Corriere del Mezzogiorno (Campania)
De Magistris e il ciclo che finisce
Valeria Valente ha disertato perché ha letteralmente abbandonato il campo: cosa che invece non ha fatto Mara Carfagna che pure è stata eletta vice presidente della Camera. Ha disertato perché ha preferito Roma a Napoli. È scappata dopo aver guidato il Pd al tempo delle primarie inquinate, delle liste elettorali «taroccate», e del mancato ballottaggio. E invece di tentare un riscatto per sé e il suo partito dopo la clamorosa sconfitta alle amministrative, ha fatto «ciao ciao» con la mano ed è uscita di scena. Il che non dice solo della persona, che in quanto tale non si può che rispettare. Ma dell’intero Pd, del suo stato di salute, del caos che lo governa, e dei criteri – discutibilissimi – che questo partito utilizza per la selezione della classe dirigente.
E dice anche della città, ancora una volta tradita da una parte consistente – e storicamente carica di responsabilità – del suo ceto politico.

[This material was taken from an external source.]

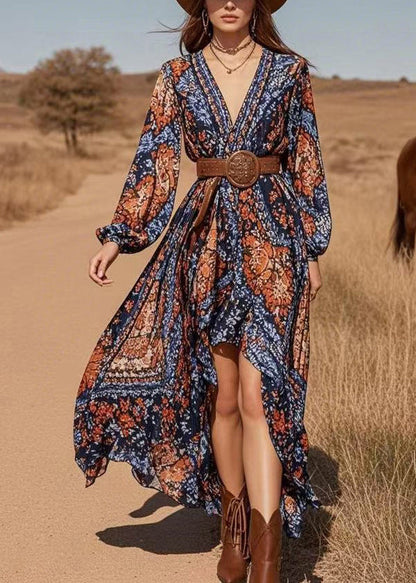 Blue V Neck Asymmetrical Design Chiffon Long Dresses Lantern Sleeve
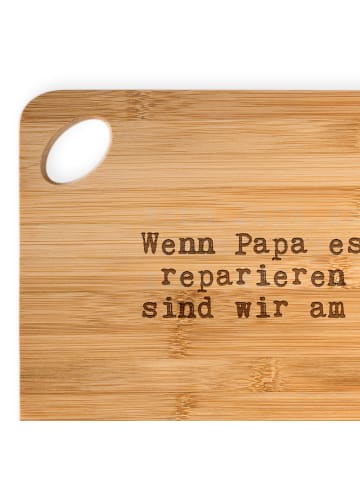 Mr. & Mrs. Panda Käsebrett Wenn Papa es nicht... mit Spruch in Braun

A proposito di tradimento, poi, ecco il secondo episodio della giornata. L’articolo di Selvaggia Lucarelli non è più velenoso del servizio Rai di Concita De Gregorio su De Luca a proposito di Salerno. E non dice su de Magistris cose diverse da quelle fin qui dette da molti, non ultimo Ernesto Galli della Loggia, intervistato su queste colonne da Mirella Armiero. Ma colpisce più di ogni altro perché è come un oggetto contundente lanciato dallo stesso fronte. E sebbene scritto con la solita leggerezza e formalmente limitato al solo aspetto della comunicazione social del sindaco, esprime due concetti entrambi pesanti come macigni. «La metamorfosi di Giggino», recita genericamente il titolo. «Sui social il sindaco si lascia un po’ andare», specifica bonariamente l’occhiello. Ma poi, ecco il primo colpo: de Magistris, scrive Selvaggia
Lucarelli, è diventato col tempo, da quando ha cominciato a farneticare sui social, «un sinistro incrocio tra Diego Funaro, Benito Mussolini, e Masaniello». Dove l’accostamento che più risalta è ovviamente il secondo. Non quello al giovane filosofo neo marxista, tantomeno quello, ormai abusato, al capopopolo con la bandana. Quindi, l’affondo: quando promette che si riprenderà tutto quello che è stato tolto a Napoli (finanziamenti statali e scudetto), di fatto, scrive ancora Lucarelli, de Magistris parla come «un boss di Gomorra». Né più né meno. Conclusione: fascista e camorrista. Neanche Saviano, nella sua nota polemica con il sindaco, era arrivato a tanto.